Whoops! My first effort read '66 sweets' which is certainly what you'd call a Freudian slip!


----------



## brotagonist (Jul 11, 2013)

I'm rather methodical in my purchasing. I might start to long for more of a certain composer, so I will scan Amazon for what's available and temporarily add them to my Wish List. Once I have added all of the possibilities, I will commence sampling and weeding, until I have refined the list to the ones I want. Then, it's buy, baby, buy  If there are too many, I might shelve a couple for the next time I feel a need for more by that composer.

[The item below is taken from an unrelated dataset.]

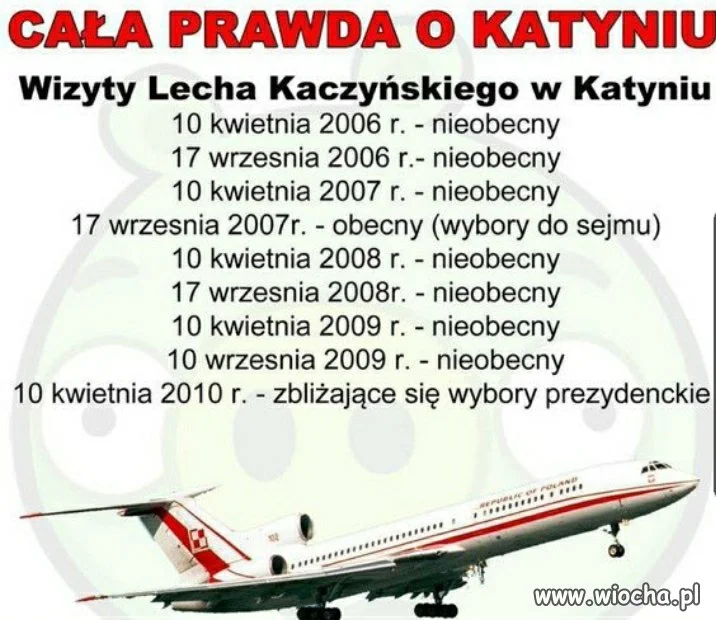 Prawda o Katyniu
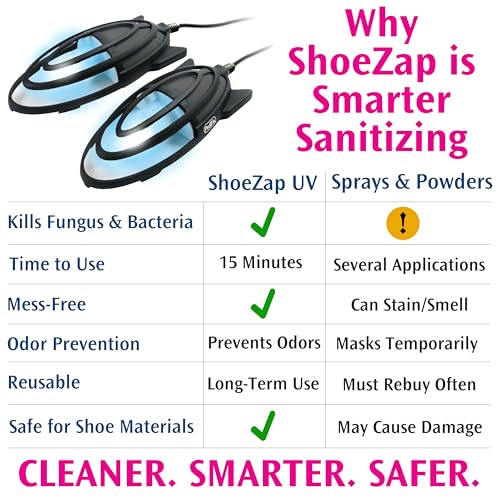 PediFix ShoeZap UV Shoe Sanitizer for Shoes, 15 Minute Cycle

However, a new pattern is starting to emerge, since I really do have a lot of music by my primary composers. Other than alternate versions, there isn't really all that much more to get and I rarely feel that I need to have every last work. Increasingly, I will see a disc on the Current Listening thread, or elsewhere, that gets me interested in a composer I might not have been much interested in previously. Since the composer is less familiar to me, I tend to go to You Tube, in order to get a more thorough sample of the music. I admit that I am far more reticent to purchase a composer I'm not completely sold on than I am with a composer I've loved for years. I like to be sure, so I listen over days, weeks, even months, letting the works become absorbed. If I find myself becoming obsessed with the composer, then I know that I am ready to get some albums.


----------